Coloro che sono morti in questi anni meritano che la nostra società, fondata sulla democrazia, continui il suo percorso nell’obiettivo di diventare migliore ed evitare errori da cui poi è difficile uscire.
Ma oggi più che mai ci siamo accorti che non è sufficiente, anzi talvolta è assolutamente sbagliato pensare che la stabilizzazione democratica dei Paesi, passi per una presenza militare di questo o quel paese.
La democrazia è un bene che si alimenta favorendo processi culturali inclusivi, favorendo esempi positivi di rispetto della vita umana. La democrazia è un processo contagioso di esempi positivi e buone pratiche, come quelle messe in atto da Gino Strada che ha saputo portare nei luoghi di guerra e di maggiore povertà presidi sanitari aperti a tutti.

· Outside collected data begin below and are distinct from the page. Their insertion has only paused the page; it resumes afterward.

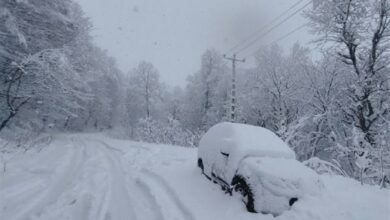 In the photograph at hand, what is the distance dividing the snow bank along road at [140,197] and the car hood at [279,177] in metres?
0.25

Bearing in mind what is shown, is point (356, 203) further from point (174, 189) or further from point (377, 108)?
point (377, 108)

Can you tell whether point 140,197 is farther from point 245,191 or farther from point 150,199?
point 245,191

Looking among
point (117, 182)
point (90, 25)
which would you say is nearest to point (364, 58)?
point (117, 182)

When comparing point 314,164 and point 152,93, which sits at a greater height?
point 152,93

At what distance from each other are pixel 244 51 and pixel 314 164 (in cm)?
1517

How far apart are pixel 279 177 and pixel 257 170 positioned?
43 cm

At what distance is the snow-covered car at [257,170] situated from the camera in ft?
16.4

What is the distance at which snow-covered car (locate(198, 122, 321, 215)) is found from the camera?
5.01 m

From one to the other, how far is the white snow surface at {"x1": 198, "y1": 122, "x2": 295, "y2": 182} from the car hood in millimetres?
255

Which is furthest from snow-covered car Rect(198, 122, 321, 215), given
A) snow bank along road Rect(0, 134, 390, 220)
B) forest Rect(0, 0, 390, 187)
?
forest Rect(0, 0, 390, 187)

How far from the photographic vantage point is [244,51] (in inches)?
843

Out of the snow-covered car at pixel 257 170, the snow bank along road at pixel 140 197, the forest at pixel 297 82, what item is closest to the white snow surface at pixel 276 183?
the snow-covered car at pixel 257 170

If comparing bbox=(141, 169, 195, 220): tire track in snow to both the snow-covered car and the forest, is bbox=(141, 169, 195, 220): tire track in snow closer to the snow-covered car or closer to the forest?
the snow-covered car

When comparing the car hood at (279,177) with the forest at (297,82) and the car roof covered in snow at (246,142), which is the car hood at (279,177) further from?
the forest at (297,82) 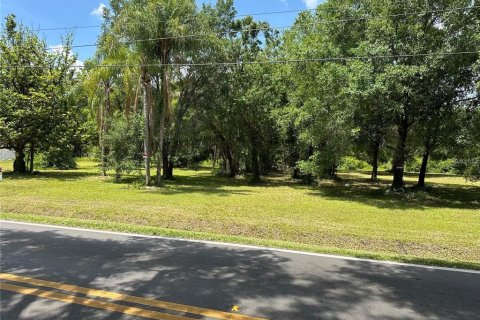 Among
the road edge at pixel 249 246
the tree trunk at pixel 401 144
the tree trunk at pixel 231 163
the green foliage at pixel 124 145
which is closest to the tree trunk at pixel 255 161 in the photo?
the tree trunk at pixel 231 163

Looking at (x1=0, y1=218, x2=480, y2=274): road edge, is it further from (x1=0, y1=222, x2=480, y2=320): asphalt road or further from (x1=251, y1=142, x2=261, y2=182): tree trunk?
(x1=251, y1=142, x2=261, y2=182): tree trunk

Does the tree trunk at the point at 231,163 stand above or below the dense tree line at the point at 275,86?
below

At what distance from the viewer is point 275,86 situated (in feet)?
82.3

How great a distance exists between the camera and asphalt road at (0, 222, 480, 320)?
421 centimetres

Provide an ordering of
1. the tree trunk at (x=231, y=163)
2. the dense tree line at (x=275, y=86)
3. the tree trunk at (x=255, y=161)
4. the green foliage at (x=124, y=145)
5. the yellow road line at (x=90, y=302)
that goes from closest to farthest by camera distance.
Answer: the yellow road line at (x=90, y=302)
the dense tree line at (x=275, y=86)
the green foliage at (x=124, y=145)
the tree trunk at (x=255, y=161)
the tree trunk at (x=231, y=163)

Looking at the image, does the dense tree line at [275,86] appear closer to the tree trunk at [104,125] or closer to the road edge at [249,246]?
the tree trunk at [104,125]

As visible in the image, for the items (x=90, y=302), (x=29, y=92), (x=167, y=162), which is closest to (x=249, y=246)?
(x=90, y=302)

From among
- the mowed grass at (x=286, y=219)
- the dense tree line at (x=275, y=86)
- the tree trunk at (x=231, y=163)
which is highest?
the dense tree line at (x=275, y=86)

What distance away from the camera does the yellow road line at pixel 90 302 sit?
4.06 metres

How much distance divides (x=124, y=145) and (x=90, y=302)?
18105 millimetres

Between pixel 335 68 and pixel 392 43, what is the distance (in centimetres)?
247

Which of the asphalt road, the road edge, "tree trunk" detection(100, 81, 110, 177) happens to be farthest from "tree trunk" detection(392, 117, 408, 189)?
"tree trunk" detection(100, 81, 110, 177)

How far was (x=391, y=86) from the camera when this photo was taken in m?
14.8

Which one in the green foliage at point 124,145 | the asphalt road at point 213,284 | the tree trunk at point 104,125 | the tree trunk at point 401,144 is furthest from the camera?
the tree trunk at point 104,125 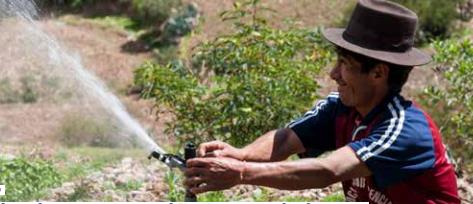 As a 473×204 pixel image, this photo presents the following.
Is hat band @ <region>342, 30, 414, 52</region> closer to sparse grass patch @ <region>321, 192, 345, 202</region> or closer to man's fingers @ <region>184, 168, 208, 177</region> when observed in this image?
man's fingers @ <region>184, 168, 208, 177</region>

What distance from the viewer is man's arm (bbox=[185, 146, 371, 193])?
290cm

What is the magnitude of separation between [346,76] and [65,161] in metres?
5.12

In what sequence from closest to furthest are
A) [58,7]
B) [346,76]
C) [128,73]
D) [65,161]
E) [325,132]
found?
[346,76] < [325,132] < [65,161] < [128,73] < [58,7]

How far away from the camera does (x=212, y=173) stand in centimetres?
289

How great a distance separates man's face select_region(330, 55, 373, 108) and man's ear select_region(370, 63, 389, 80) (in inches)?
0.9

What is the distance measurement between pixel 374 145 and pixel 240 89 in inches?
137

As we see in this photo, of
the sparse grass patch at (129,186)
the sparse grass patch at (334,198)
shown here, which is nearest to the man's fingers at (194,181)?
the sparse grass patch at (334,198)

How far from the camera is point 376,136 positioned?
303 cm

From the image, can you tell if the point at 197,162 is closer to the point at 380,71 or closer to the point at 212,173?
the point at 212,173

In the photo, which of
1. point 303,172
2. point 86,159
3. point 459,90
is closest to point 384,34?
point 303,172

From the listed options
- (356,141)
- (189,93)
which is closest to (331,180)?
(356,141)

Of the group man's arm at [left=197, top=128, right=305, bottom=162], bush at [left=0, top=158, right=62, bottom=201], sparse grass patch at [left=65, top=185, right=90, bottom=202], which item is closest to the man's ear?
man's arm at [left=197, top=128, right=305, bottom=162]

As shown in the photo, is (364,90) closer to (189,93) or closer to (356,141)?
(356,141)

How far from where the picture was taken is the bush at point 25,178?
6082 millimetres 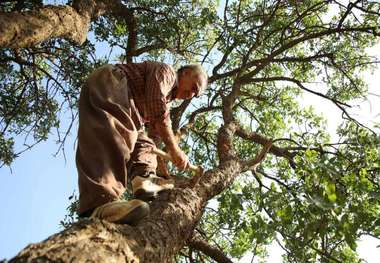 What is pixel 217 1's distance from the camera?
31.2ft

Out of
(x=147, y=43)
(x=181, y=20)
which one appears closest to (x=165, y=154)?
(x=147, y=43)

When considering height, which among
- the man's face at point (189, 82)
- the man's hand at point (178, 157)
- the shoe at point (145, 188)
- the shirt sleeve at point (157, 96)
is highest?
the man's face at point (189, 82)

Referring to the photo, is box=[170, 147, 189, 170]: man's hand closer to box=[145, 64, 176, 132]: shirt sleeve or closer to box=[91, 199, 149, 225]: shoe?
box=[145, 64, 176, 132]: shirt sleeve

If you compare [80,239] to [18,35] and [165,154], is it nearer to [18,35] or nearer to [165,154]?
[165,154]

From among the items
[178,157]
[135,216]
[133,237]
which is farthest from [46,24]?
[133,237]

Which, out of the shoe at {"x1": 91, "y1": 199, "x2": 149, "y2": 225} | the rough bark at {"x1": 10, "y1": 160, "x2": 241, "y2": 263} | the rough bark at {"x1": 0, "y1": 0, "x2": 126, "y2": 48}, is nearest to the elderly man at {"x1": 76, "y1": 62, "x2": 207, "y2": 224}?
the shoe at {"x1": 91, "y1": 199, "x2": 149, "y2": 225}

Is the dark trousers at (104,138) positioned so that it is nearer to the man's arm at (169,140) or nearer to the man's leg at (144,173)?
the man's arm at (169,140)

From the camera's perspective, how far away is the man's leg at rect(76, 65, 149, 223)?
2270mm

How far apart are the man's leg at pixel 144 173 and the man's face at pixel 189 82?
50 cm

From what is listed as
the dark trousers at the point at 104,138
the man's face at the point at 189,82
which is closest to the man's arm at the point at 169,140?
the dark trousers at the point at 104,138

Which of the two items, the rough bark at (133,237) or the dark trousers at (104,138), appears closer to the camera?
the rough bark at (133,237)

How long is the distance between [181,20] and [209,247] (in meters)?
5.00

Ma nel nostro piccolo che lo danno ogni giorno anche i nostri comuni, lo sport, le piccole realtà quotidiane di lavoro e delle scuola e sopratutto dell’Università di Padova, dove si formano giovani che possono rientrare nei paesi per diventarne classe dirigente.
Significativa la scelta del Magnifico Rettore della nostra Universitò che teneva le porte aperte le porte della nostra Università a quel giovane afgano che si scusava per non poter iscriversi nei tempi previsti ai corsi.
La democrazia è un processo che nasce dal basso e su questo chiunque ha responsabilità pubblica si deve sentire impegnato.
E’ un impegno che dobbiamo sentire come debito per non rendere vano il sacrificio di tanti uomini e donne che sono morti per mano del terrorismo fanatico che oggi non possiamo ancora dire essere stato sconfitto."